Can QVAC create a powerful enough model that users are willing to accept a moderate operational threshold for local autonomous control?
Written by: Liam Akiba Wright
Translated by: Luffy, Foresight News
Tether's new project QVAC begins with a concept that is quite rare among stablecoin companies. The company describes its QVAC Psy as a series of foundational large models "rooted in the principles of psychohistory."
The concept of psychohistory originates from Isaac Asimov's classic science fiction series "Foundation." In the story, protagonist Hari Seldon uses mathematics, statistics, and social dynamics to predict the behavior trends of large groups, thereby shortening the dark age following the collapse of the Galactic Empire.
The "Encyclopedia of Science Fiction" defines Asimov's psychohistory as a fictional science; Hari Seldon's entire plan aims to predict future events and preserve human knowledge and civilization during the collapse of social systems.
Tether's description essentially packages its corporate mission in the language of science fiction.
With its reserves, liquidity, and distribution capabilities, Tether has created the largest stablecoin system in the crypto industry; now, it is replicating this underlying logic in the field of artificial intelligence.
The USDT stablecoin forms Tether's primary reserve foundation; while computing power, AI models, datasets, and intelligent capabilities that can operate independently of centralized cloud services are becoming Tether's second major reserve asset.
From Dollar Reserves to Intelligent Asset Reserves
Tether's entry into artificial intelligence continues the operational logic of its core business. USDT transforms global offshore dollar demand into a reserve asset portfolio primarily composed of short-term sovereign bonds.
According to Tether's Q1 2026 reserve verification report, the company's net profit reached $1.04 billion, with reserve buffer funds totaling $8.23 billion, liabilities related to tokens about $183 billion, and direct and indirect holdings of U.S. short-term treasury bonds amounting to approximately $141 billion.
A robust reserve base provides Tether with sustainable revenue, ample balance sheet capacity, and strength to use operating income to layout long-term infrastructure tracks.
CryptoSlate previously analyzed that Tether, with its huge volume of stablecoins, could strategically allocate its reserve funds. In January this year, Tether invested in 8,888 bitcoins, corroborating its ability to convert interest income and operational profits into long-term bitcoin allocation needs.
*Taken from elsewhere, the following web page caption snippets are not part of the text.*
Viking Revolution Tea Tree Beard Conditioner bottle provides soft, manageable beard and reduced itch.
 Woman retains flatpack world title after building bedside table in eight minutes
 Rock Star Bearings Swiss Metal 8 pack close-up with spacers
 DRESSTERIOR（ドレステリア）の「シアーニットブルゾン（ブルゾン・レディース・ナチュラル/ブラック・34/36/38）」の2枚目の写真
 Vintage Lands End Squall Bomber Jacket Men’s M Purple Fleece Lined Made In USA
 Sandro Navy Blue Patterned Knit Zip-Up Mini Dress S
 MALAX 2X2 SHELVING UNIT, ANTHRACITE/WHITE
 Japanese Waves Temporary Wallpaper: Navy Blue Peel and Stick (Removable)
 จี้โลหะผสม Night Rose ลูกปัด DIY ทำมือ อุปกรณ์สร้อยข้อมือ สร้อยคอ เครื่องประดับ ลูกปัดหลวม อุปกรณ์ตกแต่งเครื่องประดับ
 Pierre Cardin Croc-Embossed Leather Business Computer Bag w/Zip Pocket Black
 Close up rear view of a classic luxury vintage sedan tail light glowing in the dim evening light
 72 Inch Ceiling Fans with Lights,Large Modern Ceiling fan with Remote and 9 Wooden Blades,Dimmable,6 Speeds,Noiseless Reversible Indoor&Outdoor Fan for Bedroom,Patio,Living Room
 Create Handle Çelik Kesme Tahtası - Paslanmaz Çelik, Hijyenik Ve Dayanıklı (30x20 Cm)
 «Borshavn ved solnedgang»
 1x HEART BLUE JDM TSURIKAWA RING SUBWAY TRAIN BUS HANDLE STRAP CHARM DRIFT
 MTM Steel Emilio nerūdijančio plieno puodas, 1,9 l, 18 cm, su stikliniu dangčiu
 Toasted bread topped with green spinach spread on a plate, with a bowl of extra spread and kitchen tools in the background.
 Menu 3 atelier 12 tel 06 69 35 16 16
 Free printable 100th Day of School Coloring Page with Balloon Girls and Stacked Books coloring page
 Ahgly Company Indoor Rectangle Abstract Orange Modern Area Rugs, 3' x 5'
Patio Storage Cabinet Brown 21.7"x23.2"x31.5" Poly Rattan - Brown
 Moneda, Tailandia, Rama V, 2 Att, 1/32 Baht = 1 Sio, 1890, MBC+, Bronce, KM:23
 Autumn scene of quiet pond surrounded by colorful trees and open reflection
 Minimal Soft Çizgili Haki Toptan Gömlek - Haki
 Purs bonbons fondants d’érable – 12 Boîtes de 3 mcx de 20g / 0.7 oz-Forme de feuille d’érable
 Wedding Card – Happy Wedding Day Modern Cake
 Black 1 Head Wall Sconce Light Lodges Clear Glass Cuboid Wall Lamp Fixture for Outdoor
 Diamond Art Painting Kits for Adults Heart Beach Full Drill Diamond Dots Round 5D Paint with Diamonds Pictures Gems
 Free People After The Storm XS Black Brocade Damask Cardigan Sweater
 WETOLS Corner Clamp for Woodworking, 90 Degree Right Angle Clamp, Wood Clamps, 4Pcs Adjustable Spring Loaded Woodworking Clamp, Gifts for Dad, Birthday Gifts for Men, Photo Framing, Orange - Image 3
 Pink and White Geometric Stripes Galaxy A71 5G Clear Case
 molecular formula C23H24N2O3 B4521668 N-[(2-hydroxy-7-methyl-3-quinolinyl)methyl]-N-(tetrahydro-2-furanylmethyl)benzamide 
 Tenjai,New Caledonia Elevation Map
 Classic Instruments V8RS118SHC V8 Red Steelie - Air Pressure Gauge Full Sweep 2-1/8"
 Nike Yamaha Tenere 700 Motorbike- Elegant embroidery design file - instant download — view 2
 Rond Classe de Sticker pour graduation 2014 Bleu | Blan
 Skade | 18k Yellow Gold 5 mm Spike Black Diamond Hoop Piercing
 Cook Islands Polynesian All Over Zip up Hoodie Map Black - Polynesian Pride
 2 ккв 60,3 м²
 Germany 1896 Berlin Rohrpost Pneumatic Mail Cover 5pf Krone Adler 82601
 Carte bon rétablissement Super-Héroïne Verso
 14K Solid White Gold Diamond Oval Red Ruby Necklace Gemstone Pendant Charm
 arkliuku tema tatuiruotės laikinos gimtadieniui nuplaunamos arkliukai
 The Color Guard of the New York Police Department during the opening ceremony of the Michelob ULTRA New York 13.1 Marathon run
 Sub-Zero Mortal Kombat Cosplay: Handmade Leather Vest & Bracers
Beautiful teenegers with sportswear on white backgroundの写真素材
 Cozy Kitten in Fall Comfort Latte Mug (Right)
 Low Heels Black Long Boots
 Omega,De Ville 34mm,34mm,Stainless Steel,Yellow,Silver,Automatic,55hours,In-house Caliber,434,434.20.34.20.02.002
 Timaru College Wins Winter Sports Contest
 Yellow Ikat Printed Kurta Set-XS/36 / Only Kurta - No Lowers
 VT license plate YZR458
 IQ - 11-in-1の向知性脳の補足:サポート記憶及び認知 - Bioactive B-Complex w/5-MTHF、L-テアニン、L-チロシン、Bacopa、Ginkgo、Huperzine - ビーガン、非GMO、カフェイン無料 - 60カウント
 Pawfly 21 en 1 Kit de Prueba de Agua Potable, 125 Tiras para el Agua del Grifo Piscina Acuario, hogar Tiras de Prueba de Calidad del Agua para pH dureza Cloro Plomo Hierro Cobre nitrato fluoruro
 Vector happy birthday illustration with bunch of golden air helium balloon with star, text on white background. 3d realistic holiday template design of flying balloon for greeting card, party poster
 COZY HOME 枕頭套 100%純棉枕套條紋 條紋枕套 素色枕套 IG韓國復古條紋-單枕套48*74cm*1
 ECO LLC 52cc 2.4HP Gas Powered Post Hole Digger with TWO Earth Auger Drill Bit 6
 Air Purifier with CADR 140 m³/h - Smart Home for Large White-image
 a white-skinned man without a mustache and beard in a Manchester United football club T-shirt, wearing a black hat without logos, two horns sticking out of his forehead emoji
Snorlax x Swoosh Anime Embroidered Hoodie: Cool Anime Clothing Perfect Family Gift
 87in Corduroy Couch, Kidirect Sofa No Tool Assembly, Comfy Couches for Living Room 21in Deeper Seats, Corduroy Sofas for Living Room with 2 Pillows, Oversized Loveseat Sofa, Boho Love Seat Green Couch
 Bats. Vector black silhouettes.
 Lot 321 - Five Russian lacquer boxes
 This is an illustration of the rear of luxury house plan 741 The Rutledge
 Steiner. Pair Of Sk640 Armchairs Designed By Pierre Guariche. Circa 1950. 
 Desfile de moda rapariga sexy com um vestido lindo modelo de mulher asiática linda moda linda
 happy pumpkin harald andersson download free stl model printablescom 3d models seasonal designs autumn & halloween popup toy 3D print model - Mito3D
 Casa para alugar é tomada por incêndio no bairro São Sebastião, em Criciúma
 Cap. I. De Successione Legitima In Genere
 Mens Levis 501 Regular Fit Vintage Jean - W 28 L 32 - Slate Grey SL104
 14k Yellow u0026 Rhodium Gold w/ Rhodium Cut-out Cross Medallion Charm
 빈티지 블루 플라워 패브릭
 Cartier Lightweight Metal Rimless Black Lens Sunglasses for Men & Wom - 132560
The QVAC project extends this asset allocation logic into a new track for artificial intelligence.
Now, in addition to layouts in Bitcoin, gold, startups, the energy sector, cryptocurrency mining, telecommunications infrastructure, etc., Tether is officially heavily invested in artificial intelligence itself. This positioning also allows Tether to transition from being merely a private issuer of dollar liquidity to a builder of private digital infrastructure.
The science fiction narrative of "psychohistory" aptly aligns with this strategic direction, as Tether views artificial intelligence as a layer of civilization-grade underlying architecture, rather than just a common software track. QVAC's official information positions itself as an "infinitely stable intelligent platform," focusing on decentralized intelligent systems that prioritize local operation, aiming to benchmark against and replace centralized AI.
The vision of QVAC indicates that relying on centralized servers for all intelligent interactions not only results in slow speed and poor stability but also carries the risk of control and limitations; QVAC aims to become the foundational base for user-specific intelligent systems at the edge.
This concept resonates with Tether's stablecoin philosophy. Fund circulation without permission, user data retained in control, and artificial intelligence operating locally.
Underlying Asimov's science fiction concept is Tether's more serious judgment: only when artificial intelligence possesses infrastructure-level resilience and risk resistance can its value truly solidify.
Although cloud-based large models have stronger integrated capabilities, they inherently carry platform risks, pricing risks, policy regulatory risks, network latency risks, and data routing risks; local AI models may sacrifice some performance but gain ownership, privacy, and sustained stable availability.
This trade-off logic aligns closely with the concepts of the crypto industry. Self-custody, though not as convenient as exchange custody until the risks of exchange failures emerge, only then do people understand its value; local AI, though not as easy to use as cloud-hosted models, will reveal its advantages once network interruptions, API changes, account bans, and data flow issues occur.
QVAC: A Unique Edge AI Architecture
The core differentiation of QVAC lies in its underlying architecture. Top large models like OpenAI, Anthropic, Google DeepMind, and xAI are competing for general capabilities, coding capabilities, multimodal interactions, super-long context reasoning, intelligent applications, and enterprise cloud deployment.
In contrast, QVAC has chosen a completely different path: deployability, privacy protection, low latency, composability, and independent existence away from a single platform.
QVAC's official introductory documentation defines the project as an open-source, cross-platform ecosystem that prioritizes local operation and peer-to-peer AI applications, compatible with Linux, macOS, Windows, Android, and iOS systems. Users can run large language models, speech recognition, retrieval-augmented generation (RAG), and other AI tasks locally and can leverage built-in P2P functionalities to delegate inference tasks to other device nodes.
This means that QVAC's benchmark standards are entirely different from those of top cloud AI large models: leading AI pursues the strongest general model capabilities that centralized services can provide; QVAC, however, focuses on the location of inference, operational control, whether data is retained locally on devices, and whether applications can continue to operate once centralized services fail.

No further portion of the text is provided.